Exclusive reporting from the Washington Post shows Trump administration plans to double U.S. Immigration and Customs Enforcement's detention capacity nationwide this year — including in Arizona.
The reporting uses internal ICE documents obtained by the Post that outline national expansion plans to allow the agency to detain over 107,000 people at once. That’s up from a capacity of some 54,500 at the beginning of the year, and almost 66,000 as of July.
Arizona facilities slated to be newly included are the Maricopa County Jail and the Marana Correctional Facility outside Tucson. Neither facility is currently in use for immigration detention.
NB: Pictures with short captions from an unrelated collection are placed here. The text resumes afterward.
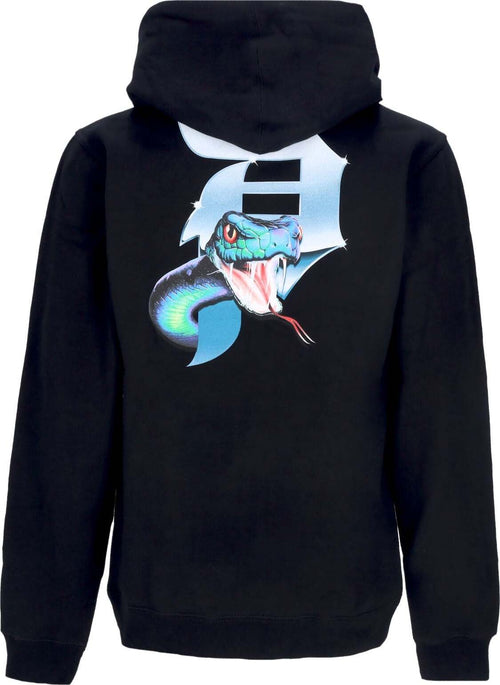PRIMITIVE-Felpa-Cappuccio-Uomo-Dirty-P-Viper-Hood-Black-da-uomo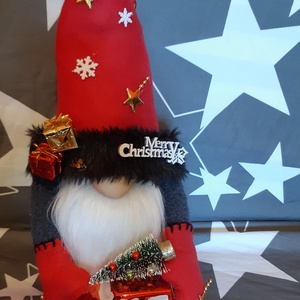 Karácsonyi manó  - Meska.hu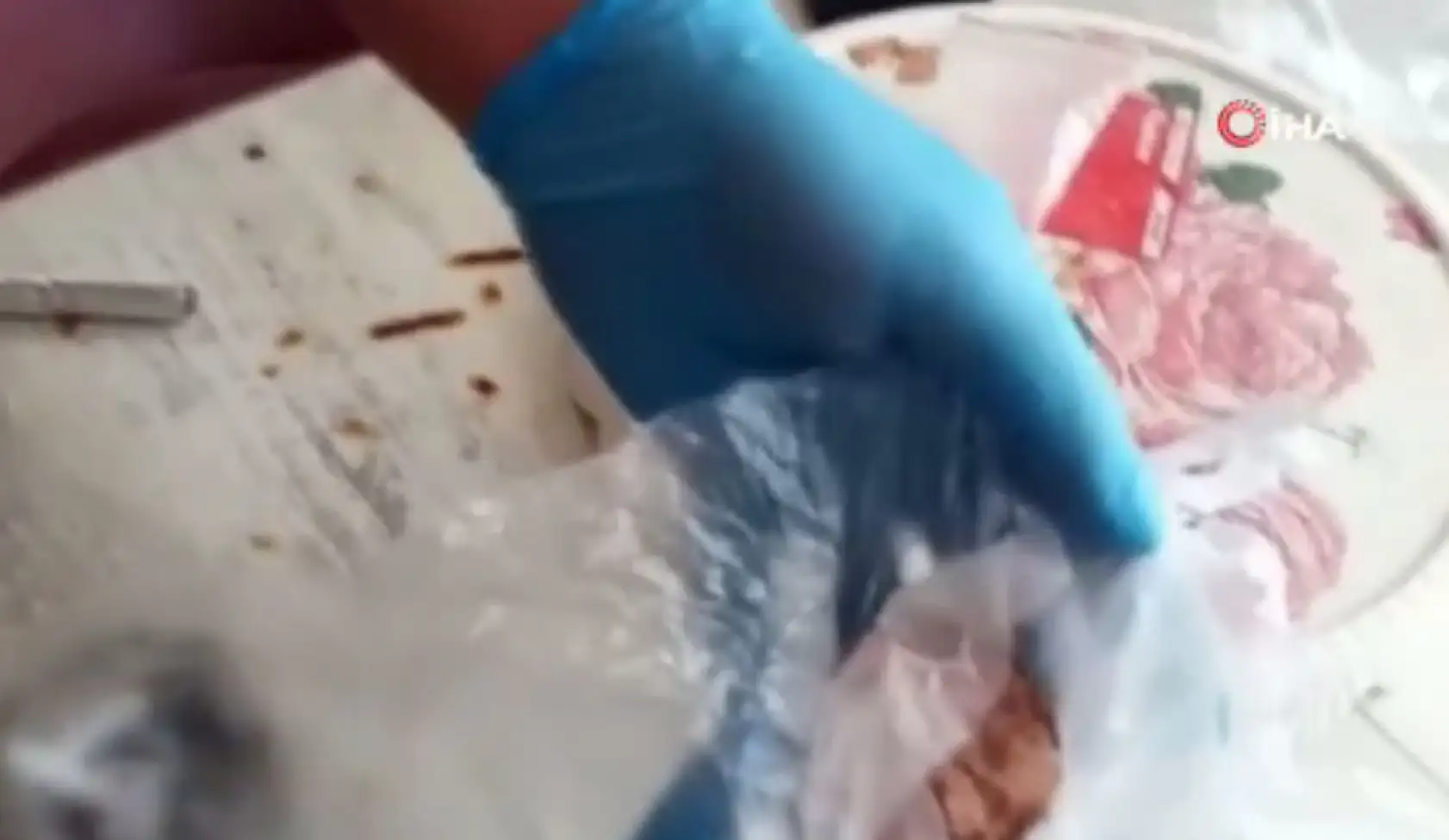 Uyuşturucu imalatı yapılan eve operasyon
Jordan Garcia, Colorado program coordinator with the American Friends Service Committee, says the way local facilities are contracted for federal use varies from state to state. But, local authorities, like cities and counties, have little control over federally-contracted facilities.
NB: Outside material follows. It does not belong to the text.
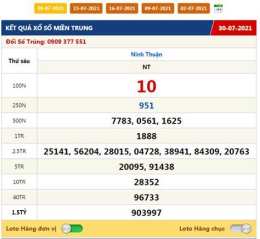 giao diện app xổ số ninh thuận ngày 13 tháng 3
“People tend to get really frustrated when they don’t have local control, so the county itself wouldn’t have as much control over the facility if it’s a federally contracted facility,” he said. “People are like ‘oh, I really thought that we would have some sort of say of how things will go in our community,’ and then they get this facility that’s federally-contracted, and then they don’t have that decision-making power.”
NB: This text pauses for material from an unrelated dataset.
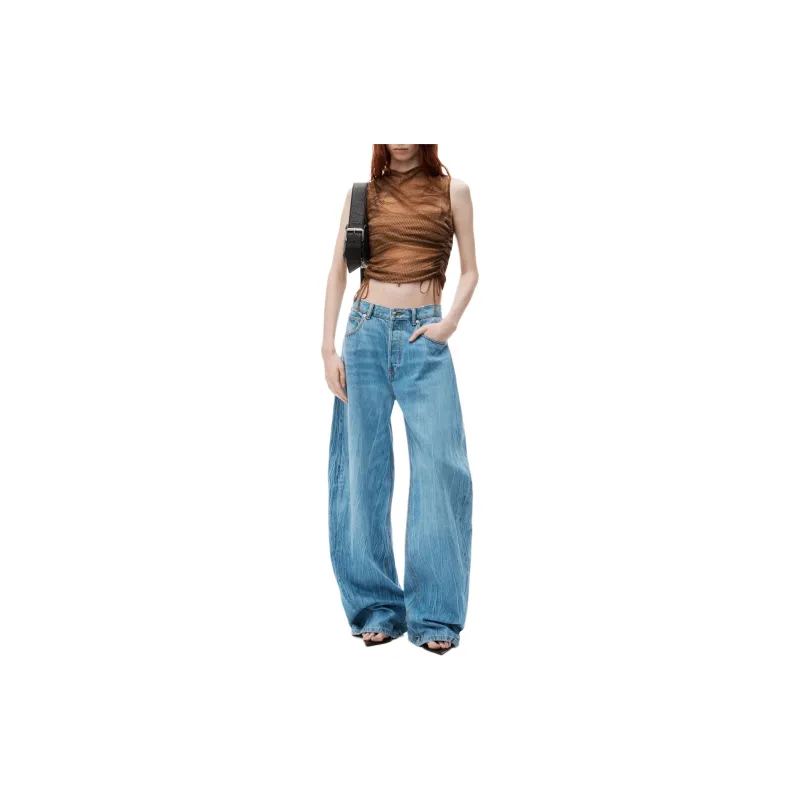 Alexander Wang Low Waisted Oversized Jeans-1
An existing facility called the Central Arizona Florence Correctional Center, south of Phoenix, will also expand to get more beds, according to the reporting. A spokesperson with CoreCivic, the private prison company that operates the facility, said the company works within ICE's established procurement processes and directed capacity questions to the agency.
Arizona is set to add more than 1,200 new detention beds all told, according to the Washington Post, giving it the fifth-largest capacity in the country.